In the Los Angeles Times, Kenneth Jost argues that the system of presidential electors described in the Constitution is unconstitutional: The electoral college has always been the wrong way to choose a president.  Truly:

The electoral college ought to have been struck from the Constitution or invalidated by the Supreme Court long ago. Donald Trump’s electoral college victory — despite Hillary Clinton’s lead of more than 2.5 million in the popular vote — is only the latest proof that it’s the wrong way to choose a president.

As a practical matter, we can’t depend on a constitutional amendment to eliminate the electoral college. Amendments require ratification by three-quarters of the states, and enough small states think they benefit from the system that an amendment would never pass. Instead, it’s up to the Supreme Court — and a properly framed lawsuit — to do away with a system that not only never functioned as the framers intended but blatantly violates the court’s “one person, one vote” principle.


[The Electoral College’s] basic architecture flouts the principle that has defined elections for every other public office in the United States for the last 50 years: one person, one vote.

The Supreme Court established the principle in 1964, when it ruled that states cannot unevenly weight votes in choosing their officeholders. The 8-1 decision struck down a Georgia scheme that, much like the electoral college, gave voters in less-populated rural counties significantly greater power than voters in urban counties.

And in conclusion:

The electoral college is enshrined in the Constitution, but that doesn’t necessarily make it constitutional.
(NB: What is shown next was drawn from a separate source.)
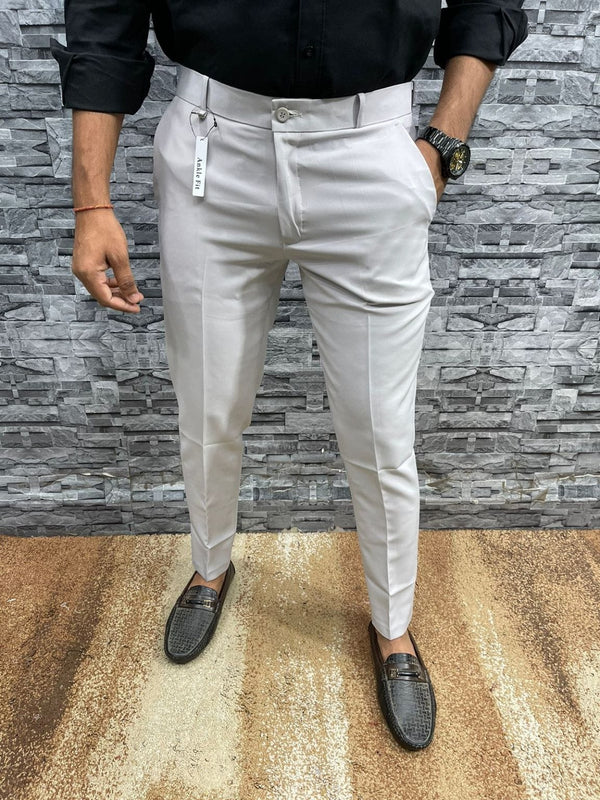 Men's Slim-Fit Formal Trousers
The framers “knew times can blind us to certain truths and later generations can see that laws once thought necessary and proper in fact serve only to oppress,” Justice Anthony M. Kennedy wrote in nullifying anti-sodomy laws in Lawrence vs. Texas. “As the Constitution endures, persons in every generation can invoke its principles in their own search for greater freedom.”

I like this essay because (assuming it's not a parody) it's the pure unapologetic form of nonoriginalism:  Even something expressly set forth in the Constitution can be unconstitutional if annoying, inconvenient or ill-advised.  (Notably, Jost is not a crank; among other things, he's the author is the respected annual Supreme Court Yearbook, a resource I've assigned to students in the past). So it seems that nonoriginalists should ask themselves: is this approach wrong, and if so, how is is different from more academic versions of nonoriginalism?  And if it is right, is it not simply asking Justices to provide constitutional rules based on their own assessment of the best outcome?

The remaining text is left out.